On February 19, 2015, in the parking lot of the House of Hope, three dark green Boeing MV-22 Ospreys touched down. One carried the 44th President of the United States and the nation’s first African American President, Barack Obama. His motorcade whisked him to Gwendolyn Brooks Preparatory Academy. There while I watched, President Obama declared the Pullman National Monument. With the stroke of a pen, change had once again come to Pullman.
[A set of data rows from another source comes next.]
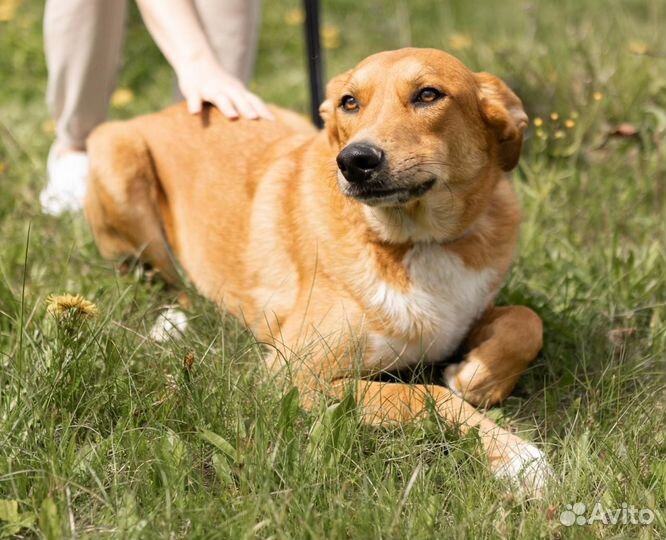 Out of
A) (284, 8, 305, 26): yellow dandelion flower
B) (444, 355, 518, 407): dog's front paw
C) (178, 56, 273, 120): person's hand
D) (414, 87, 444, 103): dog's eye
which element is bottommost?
(444, 355, 518, 407): dog's front paw

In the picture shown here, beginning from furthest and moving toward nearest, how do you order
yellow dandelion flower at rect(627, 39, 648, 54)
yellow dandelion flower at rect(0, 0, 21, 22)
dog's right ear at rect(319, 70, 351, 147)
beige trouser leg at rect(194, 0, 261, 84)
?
yellow dandelion flower at rect(0, 0, 21, 22)
yellow dandelion flower at rect(627, 39, 648, 54)
beige trouser leg at rect(194, 0, 261, 84)
dog's right ear at rect(319, 70, 351, 147)

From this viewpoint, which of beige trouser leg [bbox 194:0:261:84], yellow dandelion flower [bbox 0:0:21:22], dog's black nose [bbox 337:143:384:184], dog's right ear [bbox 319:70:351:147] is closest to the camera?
dog's black nose [bbox 337:143:384:184]

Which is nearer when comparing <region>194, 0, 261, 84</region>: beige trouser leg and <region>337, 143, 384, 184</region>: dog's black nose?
<region>337, 143, 384, 184</region>: dog's black nose

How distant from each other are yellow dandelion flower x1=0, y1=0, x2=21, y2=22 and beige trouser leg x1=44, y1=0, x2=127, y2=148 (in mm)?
2253

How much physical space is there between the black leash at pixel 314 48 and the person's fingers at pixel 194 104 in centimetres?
62

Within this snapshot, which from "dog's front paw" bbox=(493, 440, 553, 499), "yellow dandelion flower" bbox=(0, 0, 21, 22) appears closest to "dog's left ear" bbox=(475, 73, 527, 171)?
"dog's front paw" bbox=(493, 440, 553, 499)

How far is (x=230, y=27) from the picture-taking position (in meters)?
4.42

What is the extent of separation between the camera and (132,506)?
230cm

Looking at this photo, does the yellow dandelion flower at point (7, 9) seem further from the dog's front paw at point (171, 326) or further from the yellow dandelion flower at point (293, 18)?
the dog's front paw at point (171, 326)

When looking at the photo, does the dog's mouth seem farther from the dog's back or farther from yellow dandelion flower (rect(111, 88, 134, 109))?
yellow dandelion flower (rect(111, 88, 134, 109))

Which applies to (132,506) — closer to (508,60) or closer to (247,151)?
(247,151)

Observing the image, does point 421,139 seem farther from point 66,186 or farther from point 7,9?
point 7,9

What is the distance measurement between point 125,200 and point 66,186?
781 mm

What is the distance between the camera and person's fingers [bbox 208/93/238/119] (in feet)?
12.9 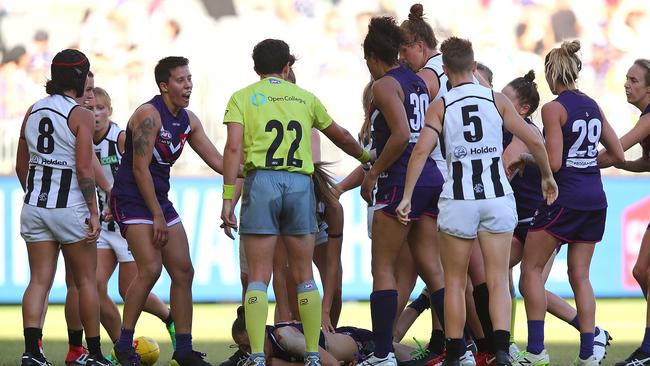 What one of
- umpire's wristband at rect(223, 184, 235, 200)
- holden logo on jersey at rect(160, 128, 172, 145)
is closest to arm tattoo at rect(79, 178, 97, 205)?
holden logo on jersey at rect(160, 128, 172, 145)

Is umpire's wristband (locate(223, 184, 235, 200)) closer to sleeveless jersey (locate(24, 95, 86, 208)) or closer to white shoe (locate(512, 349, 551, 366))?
sleeveless jersey (locate(24, 95, 86, 208))

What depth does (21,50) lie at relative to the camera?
16.1 m

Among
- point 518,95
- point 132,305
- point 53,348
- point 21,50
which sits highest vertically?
point 21,50

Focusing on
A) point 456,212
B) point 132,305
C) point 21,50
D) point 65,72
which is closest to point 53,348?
point 132,305

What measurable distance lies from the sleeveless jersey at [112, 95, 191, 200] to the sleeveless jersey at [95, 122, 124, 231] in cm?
148

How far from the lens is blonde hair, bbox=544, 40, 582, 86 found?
8188mm

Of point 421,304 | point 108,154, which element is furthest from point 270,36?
point 421,304

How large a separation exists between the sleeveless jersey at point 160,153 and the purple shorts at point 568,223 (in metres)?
2.54

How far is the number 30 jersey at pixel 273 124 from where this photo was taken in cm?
758

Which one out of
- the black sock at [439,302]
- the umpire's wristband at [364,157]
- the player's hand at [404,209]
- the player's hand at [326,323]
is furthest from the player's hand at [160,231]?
the black sock at [439,302]

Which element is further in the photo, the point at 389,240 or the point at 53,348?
the point at 53,348

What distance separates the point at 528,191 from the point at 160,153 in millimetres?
2792

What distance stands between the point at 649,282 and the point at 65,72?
441 centimetres

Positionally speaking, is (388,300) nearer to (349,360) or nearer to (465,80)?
(349,360) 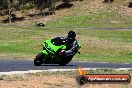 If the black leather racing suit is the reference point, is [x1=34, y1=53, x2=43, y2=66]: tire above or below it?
below

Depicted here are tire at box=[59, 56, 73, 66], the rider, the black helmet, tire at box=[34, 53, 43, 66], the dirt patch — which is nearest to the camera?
the dirt patch

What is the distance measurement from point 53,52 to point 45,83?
6.34 m

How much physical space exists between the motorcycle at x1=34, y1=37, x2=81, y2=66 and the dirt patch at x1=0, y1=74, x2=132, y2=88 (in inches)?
184

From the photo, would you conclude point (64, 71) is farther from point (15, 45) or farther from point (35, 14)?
point (35, 14)

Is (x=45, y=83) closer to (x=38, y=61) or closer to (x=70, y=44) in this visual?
(x=70, y=44)

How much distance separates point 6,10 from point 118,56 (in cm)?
7867

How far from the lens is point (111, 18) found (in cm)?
9194

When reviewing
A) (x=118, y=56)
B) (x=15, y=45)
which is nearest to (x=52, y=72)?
(x=118, y=56)

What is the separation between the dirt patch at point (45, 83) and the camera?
14.6 metres

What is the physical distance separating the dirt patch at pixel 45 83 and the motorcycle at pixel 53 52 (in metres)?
4.66

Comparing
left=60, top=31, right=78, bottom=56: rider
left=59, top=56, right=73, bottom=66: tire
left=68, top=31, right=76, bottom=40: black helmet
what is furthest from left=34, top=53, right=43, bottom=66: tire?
left=68, top=31, right=76, bottom=40: black helmet

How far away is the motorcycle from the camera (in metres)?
21.4

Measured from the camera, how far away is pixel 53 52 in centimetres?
2145

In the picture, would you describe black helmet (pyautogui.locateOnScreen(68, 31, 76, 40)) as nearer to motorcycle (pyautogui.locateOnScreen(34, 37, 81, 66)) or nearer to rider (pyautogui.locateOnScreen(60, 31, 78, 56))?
rider (pyautogui.locateOnScreen(60, 31, 78, 56)) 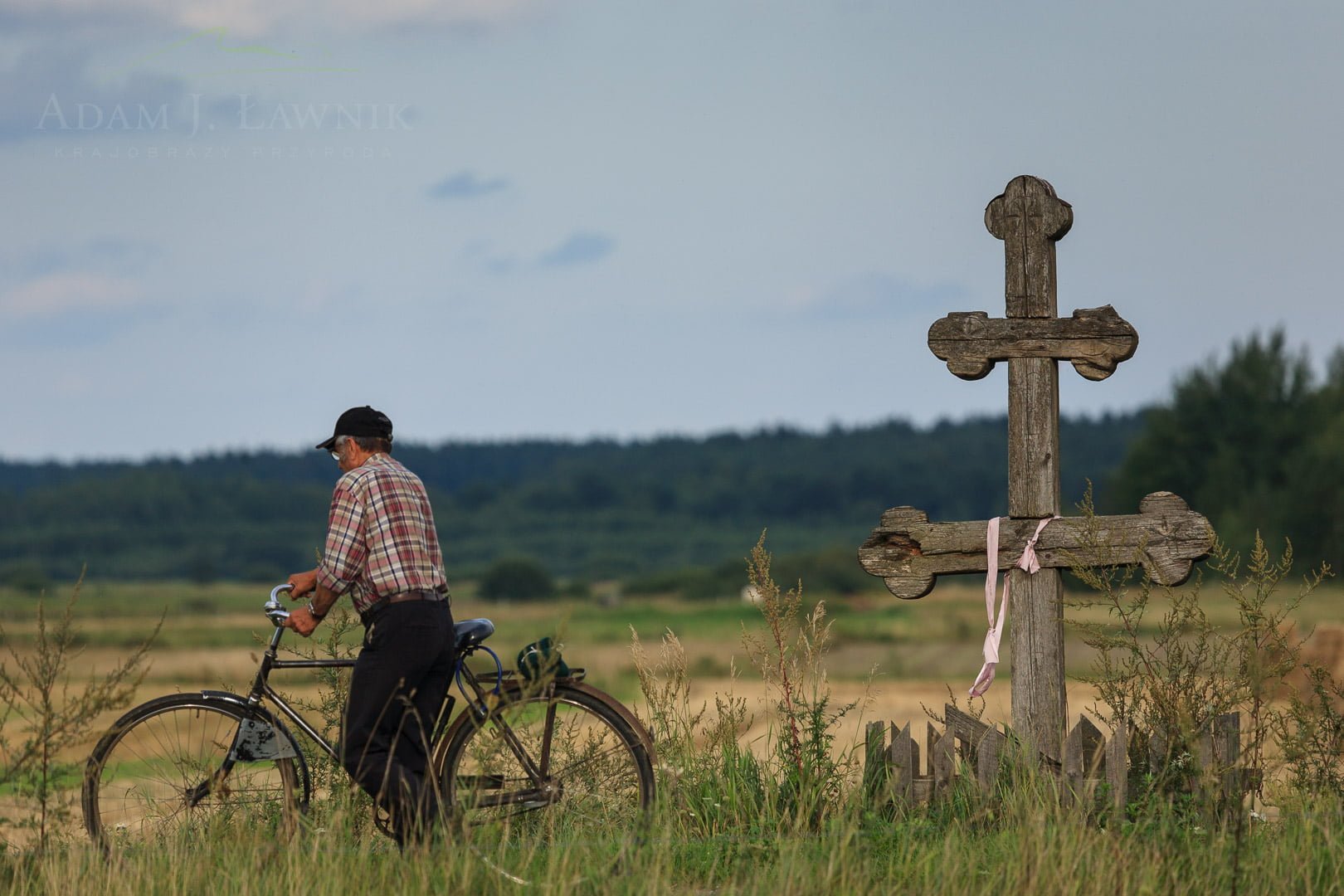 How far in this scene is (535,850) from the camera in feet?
21.1

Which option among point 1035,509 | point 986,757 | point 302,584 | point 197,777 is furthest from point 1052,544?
point 197,777

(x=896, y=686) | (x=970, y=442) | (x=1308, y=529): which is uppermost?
(x=970, y=442)

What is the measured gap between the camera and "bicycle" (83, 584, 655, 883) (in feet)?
21.3

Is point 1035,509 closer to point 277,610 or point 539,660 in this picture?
point 539,660

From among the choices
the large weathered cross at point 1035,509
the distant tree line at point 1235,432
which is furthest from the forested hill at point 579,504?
the large weathered cross at point 1035,509

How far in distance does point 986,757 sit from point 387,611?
3.00 metres

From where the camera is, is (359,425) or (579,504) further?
(579,504)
Presidential Proclamation 9233 is the monument’s establishing legislation. In it, President Obama reaffirms Pullman’s national significance “based on its importance in social history, architecture, and urban planning.” He seamlessly weaves together the threads of the Pullman story. He recounts the rise and fall of George Pullman and his model Town of Pullman (1880-1907). He lauds its architect Solon S. Beman and its landscape architect Nathan F. Barrett. He describes the Pullman Palace Car Company’s role in industrial and labor history, including the “Pullman strike of 1894.” He reminds us how the American Railway Union led by Eugene Debs brought the nation’s railroads to a screeching halt with a boycott of Pullman cars. He tells the story of the Pullman Porters and their half-century of struggle for better wages and working conditions. In 1937, supported by the leadership of A. Philip Randolph, the Brotherhood of Sleeping Car Porters successfully secured the “first major labor agreement between a union led by African Americans” and a major corporation. This was both a milestone and fuel for the escalating civil rights movement in the United States.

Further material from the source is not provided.